I'm back with Frans again. Somehow I get the feeling he may never leave me. The topic of the day is my post on the uses and abuses of English. The real problem arises for bloggers whose first language isn't English. I think this has to be a real dilemna. Frans writes to me:
In relation to your posts on language I must admit that my “Sorry-page” (for not writing in English) was one of the first I wrote for my website: more than a year before I discovered the phenomenon of web logs altogether and written while I had some hope that maybe later I could maintain a website in both English and Dutch. The last few months I have been searching for Dutch blogs on economy and/or politics of sufficient quality. In vain. So I was thinking already of switching to English for my site. Partly thanks to your site I discovered the “realm” of English blogs of quality. Your posts make me give more serious consideration to the idea of switching. I might lose some of the already small number of visitors and now wonder if I should worry about losing readers who would be deterred by my (inevitably simple) English.This question refers to a dilemma that is closely related to a second core element of my thinking and (intended) writings; on the decline of political parties, dominance (-still-!) of ideologies in politics, democracy, television and populism. My way out of this dilemma is a proposal for more independent politicians (emphasis on more or independent) and indirect elections.

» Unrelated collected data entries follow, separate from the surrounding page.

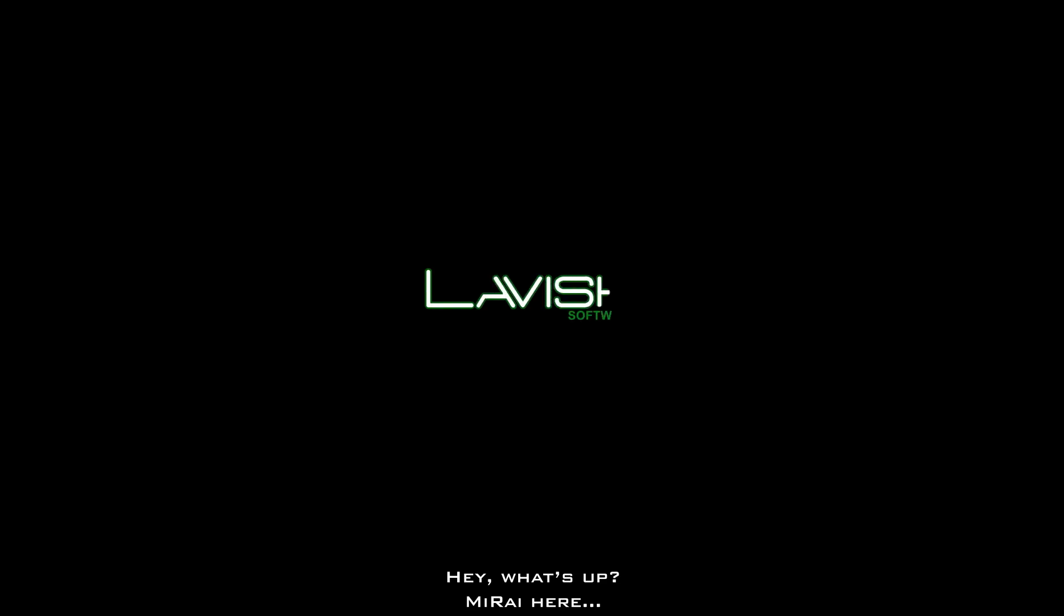Hey, what's up? Mirai here, and today we'll be taking a look at how to set up a mapped key.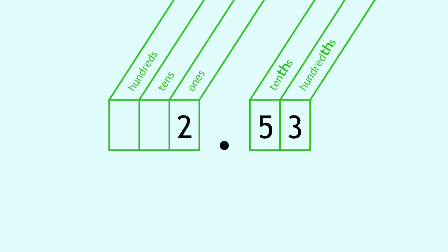Let's try it together. Ready? Two and fifty-three hundredths.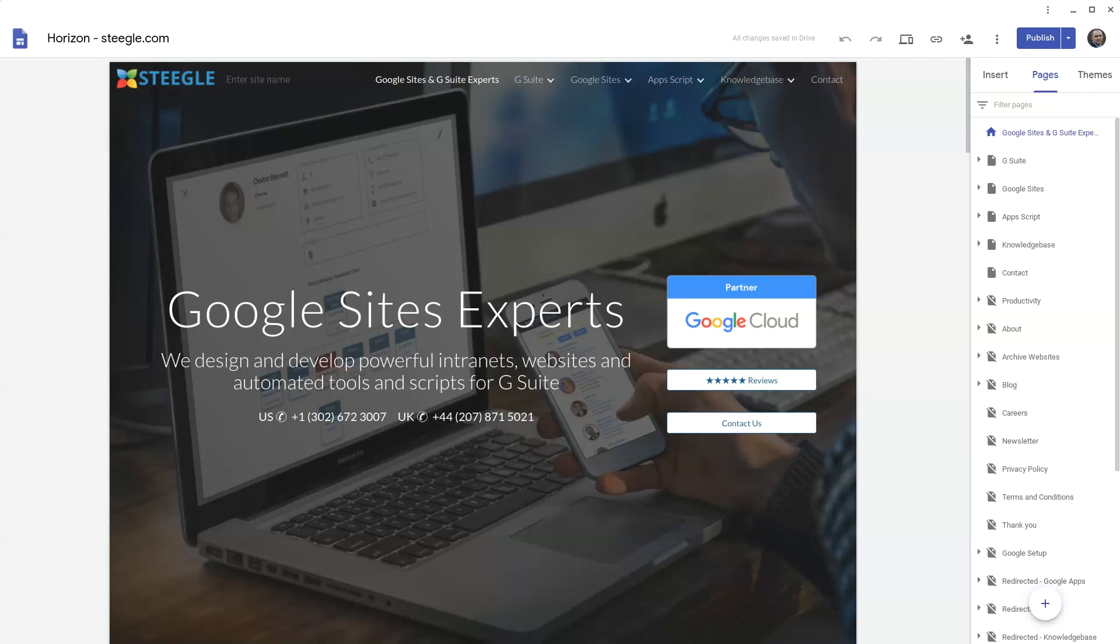Welcome to this Steegle video demonstrating how you can copy sites in new Google Sites, including very large sites.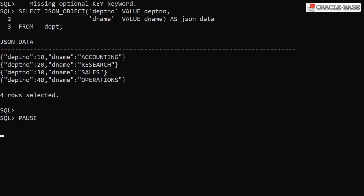The key keyword has always been optional, which simplifies the syntax a little. Notice here we only use the value keyword.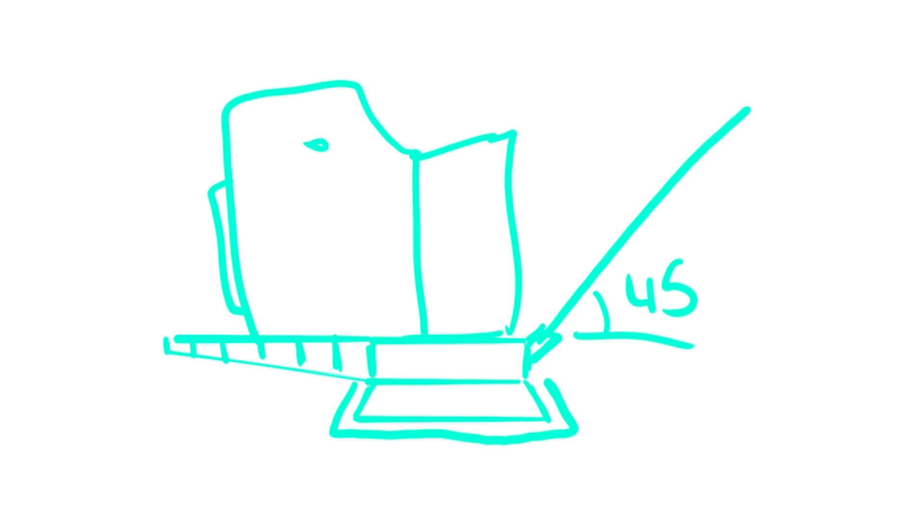Here we have to take into account that the mirror needs to have a 45 degree inclination and we will also have to consider the size of the glass that we are going to use, depending if we are going to use a smartphone or a tablet.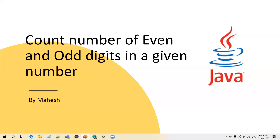Hi everyone, welcome. In this video I am going to show you how to find the number of even and odd digits in a given number in Java.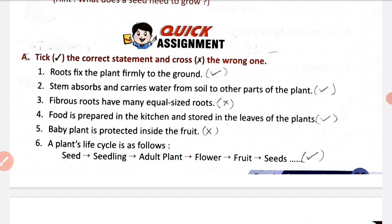As you know, the function of the stem is that stem absorbs water. Students, as you know, the stem carries water and minerals from the roots to the leaves.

What Frans is explaining here is the increasing returns, power-law structure problem. If he switches to English he'll lose the small number of Dutch visitors, and gain some English ones. But the big loser will be dutch web-logging, since there will be one less voice there, Henry would probably call this a classic polya-urn process, one less red ball. I don't know what to tell him. I have to let you all in on a little secret, I would really like to maintain a Catalan weblog, but where would I find the time (does this man never sleep!). My, pragmatic, solution is to hope one day that I can persuade a friend to start one and let me post. (I suppose that's really what I will suggest to Frans, that he keeps the Dutch one going, one day there will be more readers in Holland(!!!), and send me over some 'un-smooth' material to post for him).
But why do I call Frans my European-conscience alter-ego? Because, as must be obvious, I have taken a strong stand in favour of some things we Europeans can learn from our US neighbours across the Atlantic. In particular I like the attitude to change, to IT, to the small guy or gal getting a chance, to the 'free' dimension of the internet (oh, I know this is under threat, but we aren't there yet, by any means), to openness of information, to the Fed over the ECB, to Amazon over Bertellsman, to Yahoo over Terra Lycos etc etc etc. In particular, I think we Europeans are far too ensconced in our 'nationalities' and not sufficiently open to the problem of adapting our identities. This issue becomes especially sharp in the area of immigration, and in this sense the American identity - with its appreciation of the strength of diversity - must be far better adapted to the realities of the modern global world: in particular the global world in which some societies are ageing rapidly while others have a superabundance of children. We need to read our Axelrod, and understand the strategic benefits of cooperation and sharing.
I think it is no accident that Paul Krugman spends most of his time criticising contemporary American society and lauding the benefits of being Mario Monte, or being French, while I rail against the ECB and the French, and laud the land of Jefferson. It is a question of perspective. It is always easier to defend home and criticise abroad, so those who seek the more rugged paths criticise home and defend abroad. This is where I need people like Frans, to remind me of who I am, and to remind me that we can, all of us, stretch an argument too far.
One last point about Frans. His remarks about ideology. Here I am in 100% with him. Blogging is about diversity. Truths in blogging are not one but many. This is our selection advantage. This is why, among other reasons, I have a soft spot for the Farrell's of this world, not because I agree with them (in some ways we couldn't be farther apart) but because the Blogosphere is richer for their presence.